### Image-text web data
'''

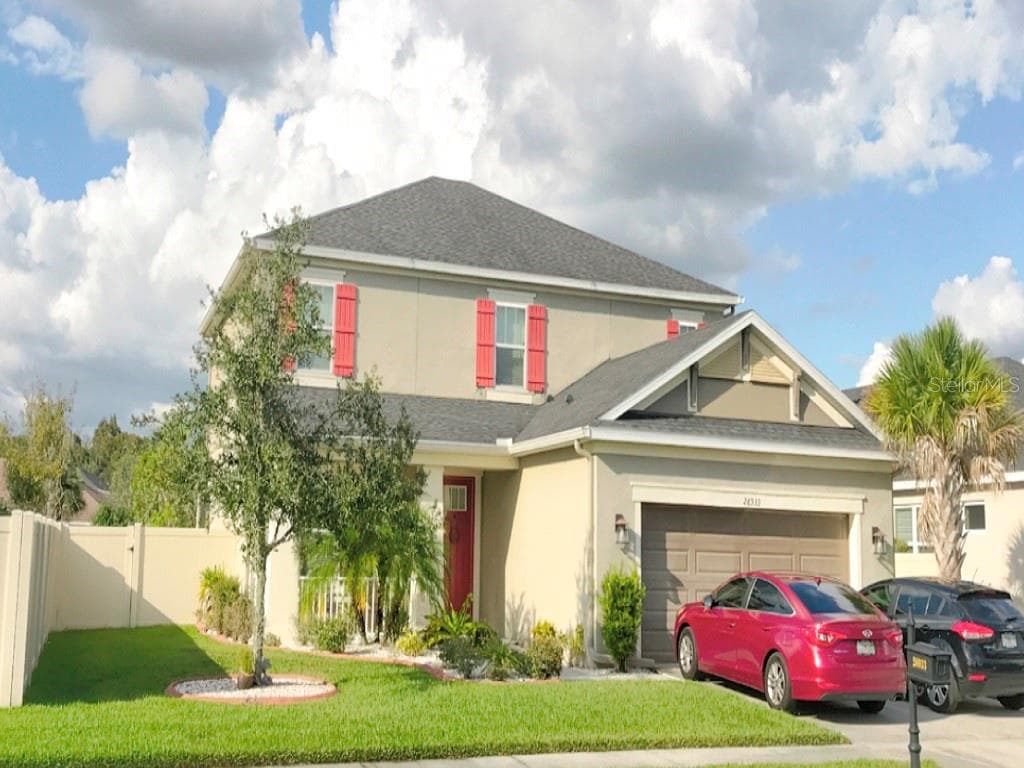 26933 WILD BLOOM DRIVE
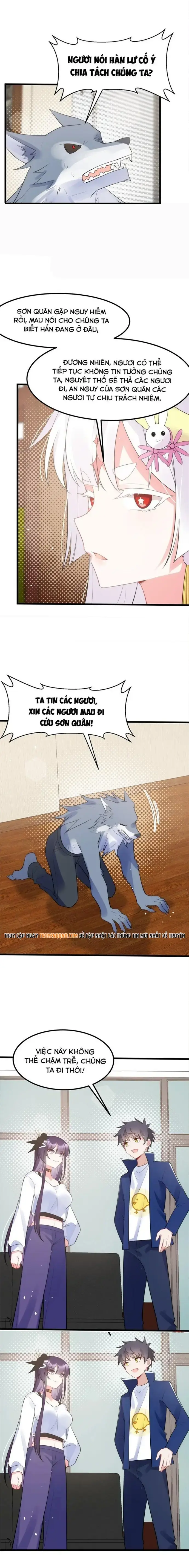 Ta Nô Dịch Cả Thánh Chủ Lẫn Ma Nữ Chapter 128 - Trang 9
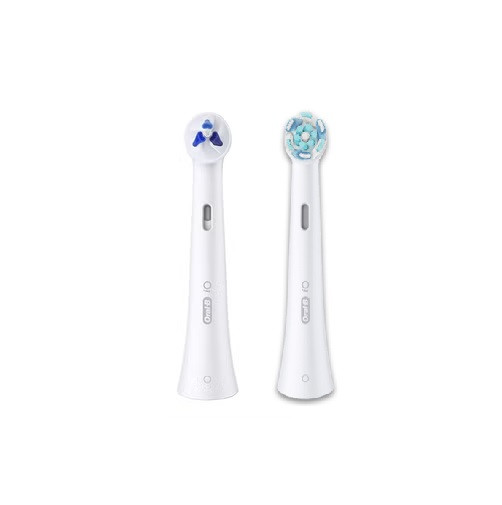 Насадки для електричної зубної щітки Oral-B iO Specialised Clean White + Ultimate Clean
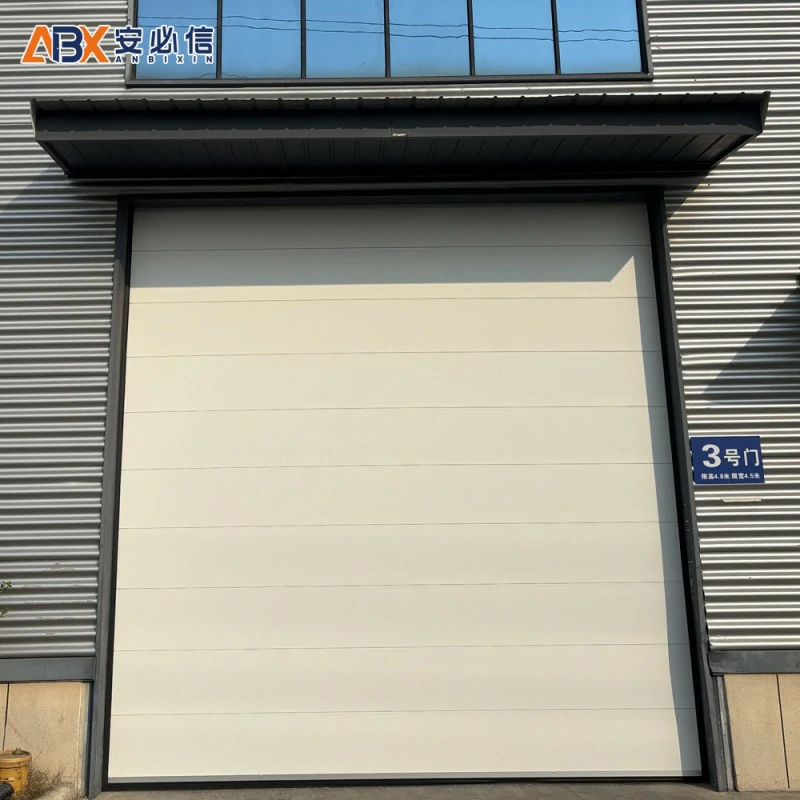 益阳电动滑升门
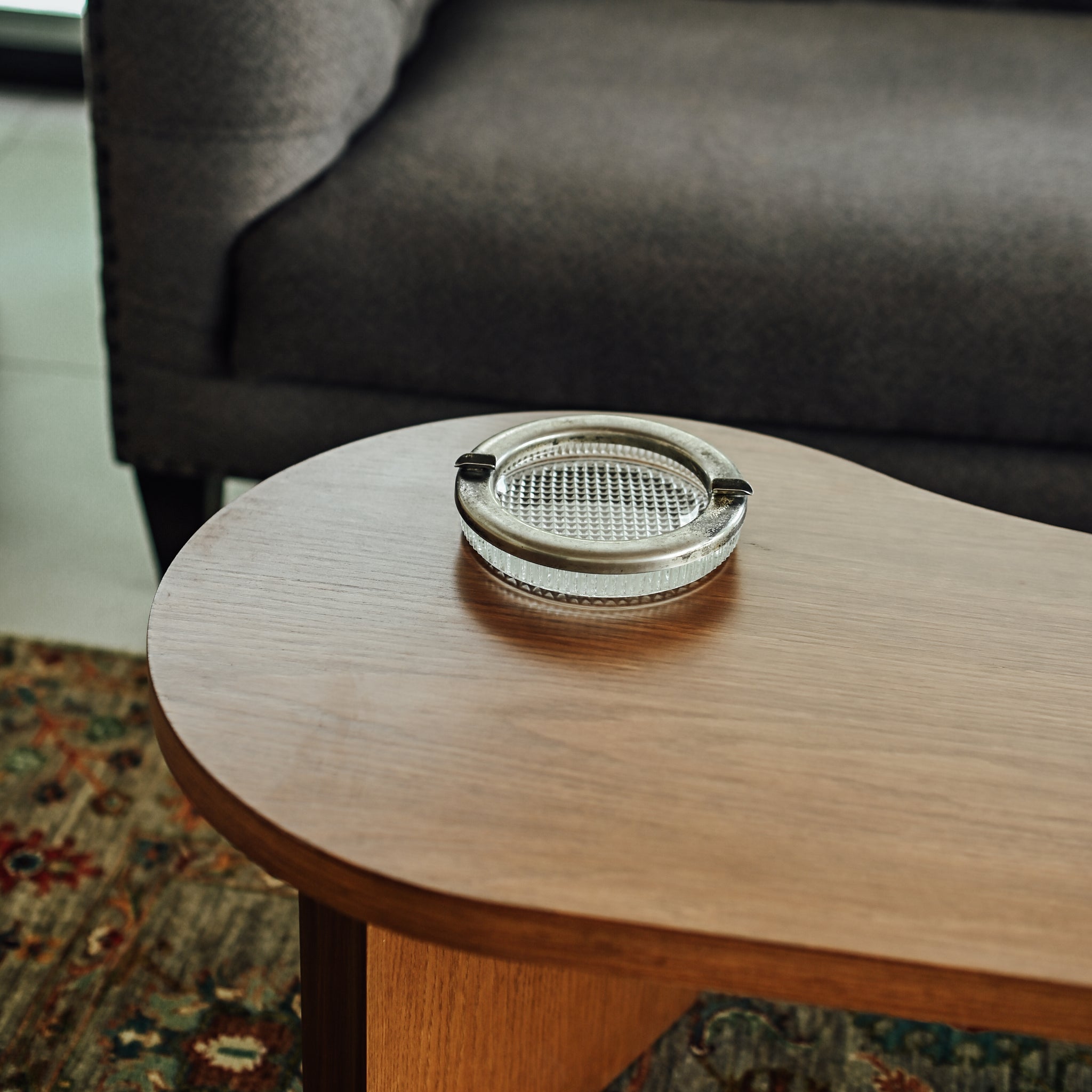 CurVee Coffee Table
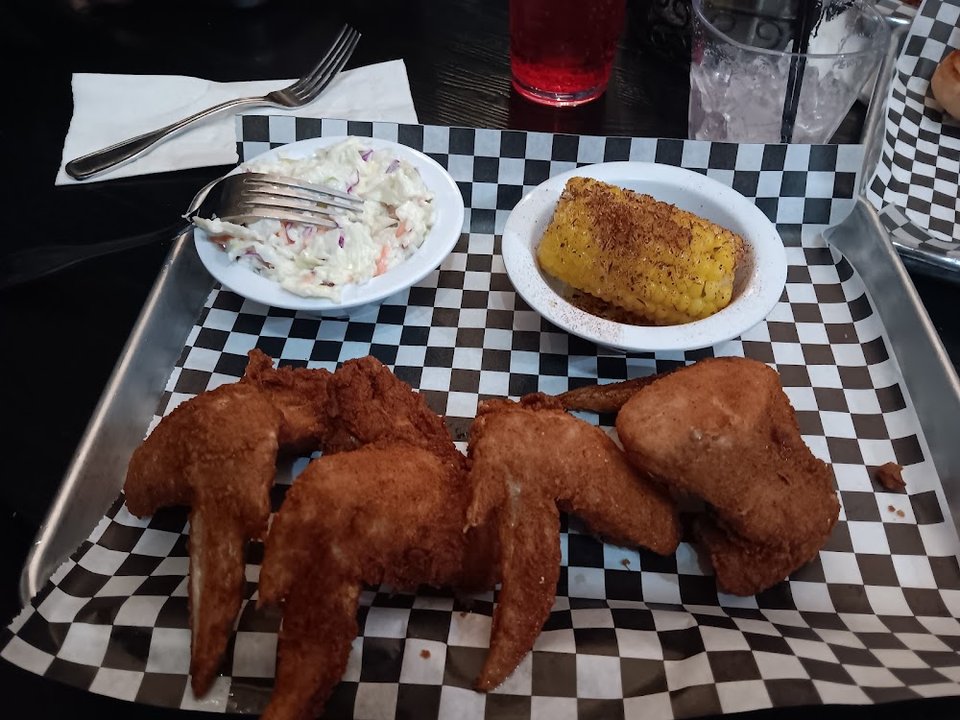 Wings Combo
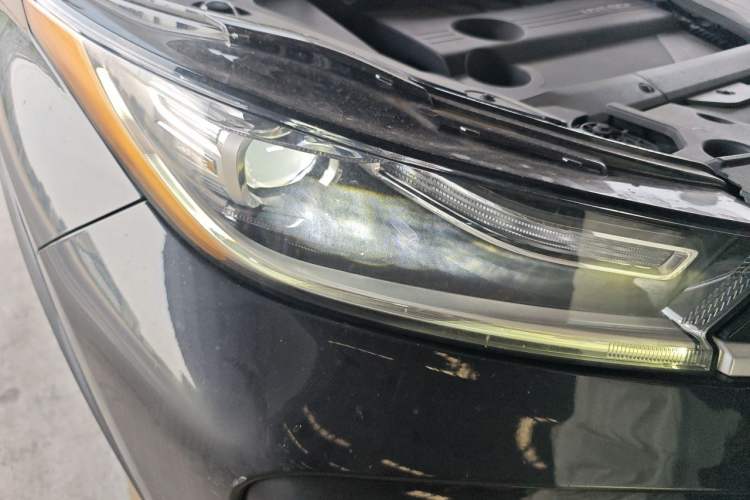 Used EXEED Lingyun 2023 300T Two-Wheel Drive Starry Edition Right Front Headlight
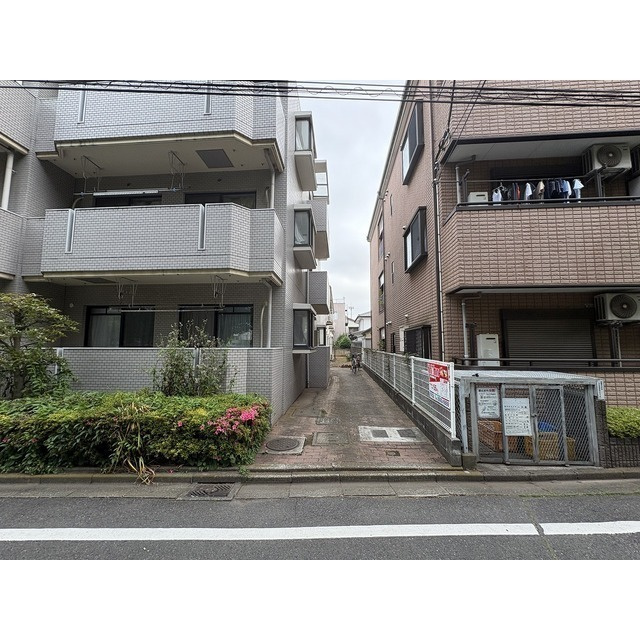 メゾングランピエの外観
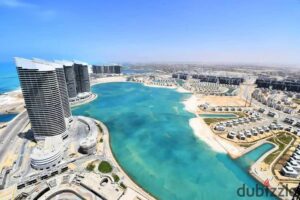 11,500,000 ج.م شقة للبيع (أبراج العلمين – العلمين الجديدة) 140 م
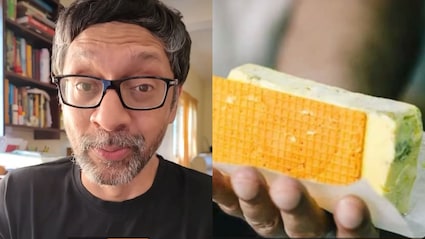 Why Doesn't Mumbai's Iconic K. Rustom's Ice Cream Sandwich Melt Quickly?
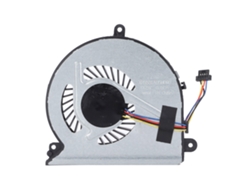 Ventilador De Refrigeración 4pin De Bajo Ruido Para Cpu De Ordenador Hp Tpnq172 Q172 15au 15au178tx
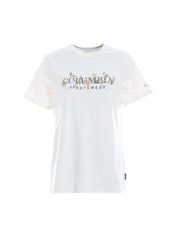 T-shirt Bianco Columbia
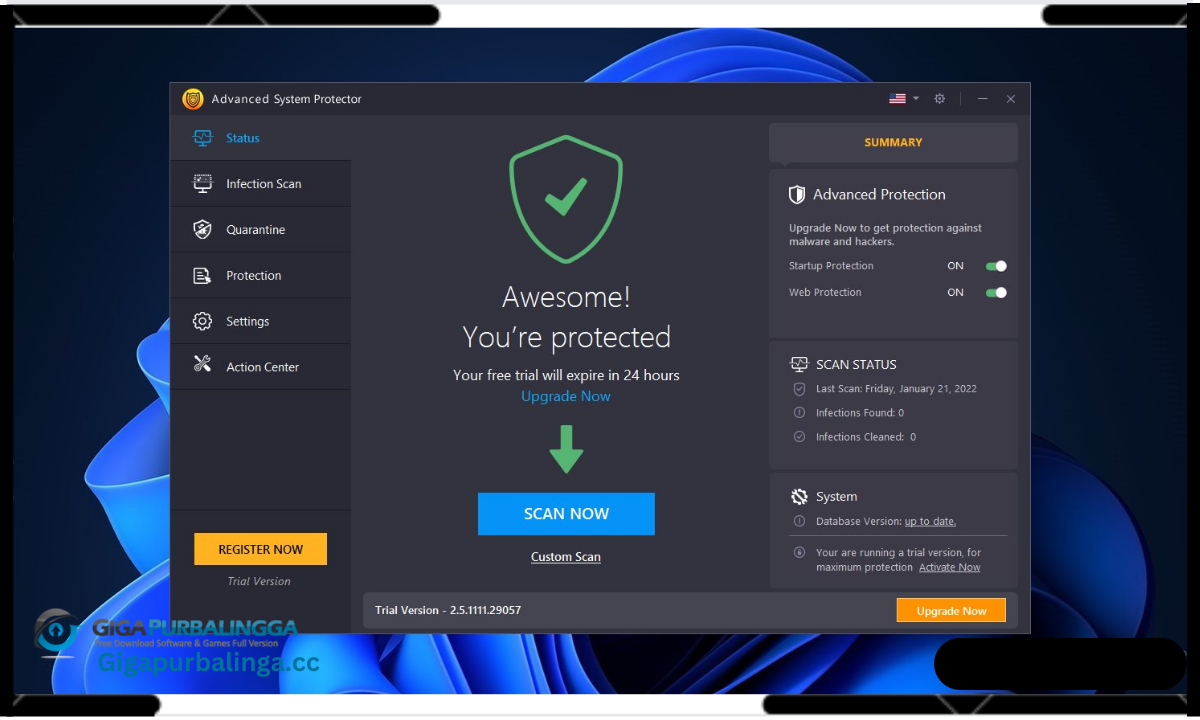 Advanced System Protector Download Advanced System Protector Download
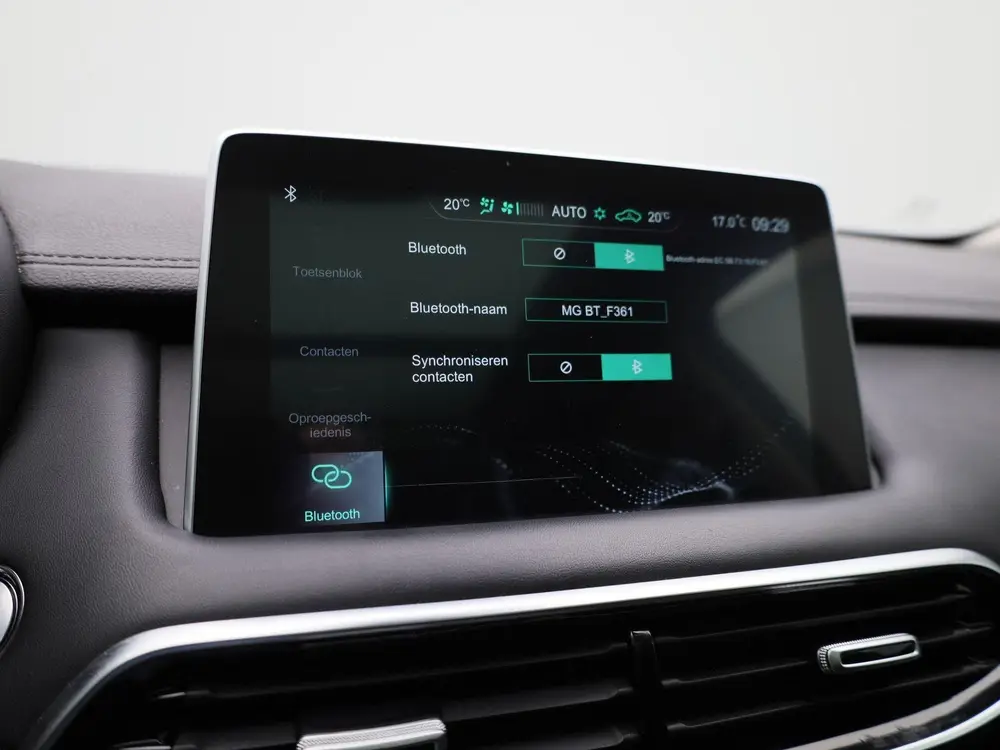 MG EHS 1.5 T-GDI PHEV Aut. Luxury | Panoramadak | Navi | Led uit 2021, foto 20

'''

### What this task involves
Quote, exactly and only, the lines from the first line of the data above through the line containing "メゾングランピエの外観". The pictures do not belong in it.

### Exercise response
 26933 WILD BLOOM DRIVE
 Ta Nô Dịch Cả Thánh Chủ Lẫn Ma Nữ Chapter 128 - Trang 9
 Насадки для електричної зубної щітки Oral-B iO Specialised Clean White + Ultimate Clean
 益阳电动滑升门
 CurVee Coffee Table
 Wings Combo
 Used EXEED Lingyun 2023 300T Two-Wheel Drive Starry Edition Right Front Headlight
 メゾングランピエの外観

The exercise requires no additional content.